Boston Scientific buys U-M startup Securus for $40M to add to heart imaging lineup
Medical device giant Boston Scientific has acquired Securus Medical Group, a startup with FDA-cleared technology that measures and images temperature in the body during heart rhythm procedures.
Marlborough, MA-based Boston Scientific (NYSE: BSX) said Tuesday that it paid $40 million up front for the stake in Securus that it did not already own. Securus, which is based in Cleveland, OH, and maintains a research site in Beverly, MA, could gain up to $10 million more, pegged to unspecified regulatory and commercialization milestones.
Securus developed its InfraRed Thermographic System, which was first cleared by the FDA in 2016 for use in cardiac ablation, a procedure that destroys the heart tissue involved in triggering an abnormal heart rhythm. The procedure either heats or cools the targeted heart tissue. Surgeons monitor the heart’s temperature throughout the procedure to avoid injuring the patient. That is done by monitoring the temperature of the esophagus, which is located behind the part of the heart undergoing ablation.
In its submission to the FDA, Securus compared its device to an esophageal temperature monitoring system already cleared by the FDA and marketed by Italian company FIAB. Like the FIAB device, the Securus system monitors the temperature of the esophagus.

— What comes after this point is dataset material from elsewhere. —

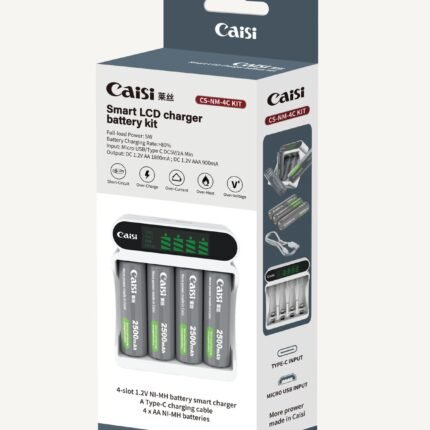 Charger for AA & AAA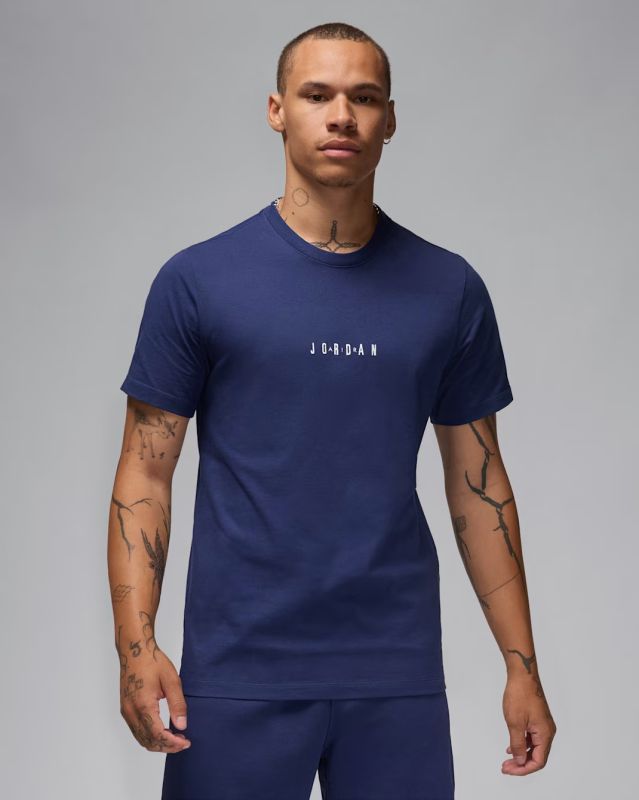 Футболка чоловіча Air Jordan T-Shirt Air Blue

But the Securus device has two sensors, one for temperature and another that creates a visual image of the temperature, according to FDA documents. Visualization of temperature and display of peak temperatures are additional features of Securus’s device, the documents state. Data from both sensors are displayed on a monitor for the surgeon to see.
Securus says that esophageal temperature monitoring systems that are currently available provide measurements at a few fixed locations and respond more slowly to temperature changes. The company claims its system provides clinicians with continuous temperature monitoring and a 360-degree visualization that refreshes every second.
Boston Scientific made its first investment in the startup in 2016, leading a $10 million Series C round of funding. Boston Scientific now plans to add the device to its electrophysiology business, which develops and markets technologies for diagnosing and treating heart rhythm disorders. Electrophysiology is the smallest of Boston Scientific’s seven core business segments, accounting for $278 million of the company’s more than $9 billion in 2017 revenue.
In a prepared statement, Joe Fitzgerald, Boston Scientific’s president of rhythm management, said the medical device giant will integrate the Securus technology with its cardiac mapping system called Rhythmia HDx, which was developed to provide clinicians a visualization of the heart during ablation procedures. Boston Scientific says the Securus technology is expected to become commercially available in the first half of 2019.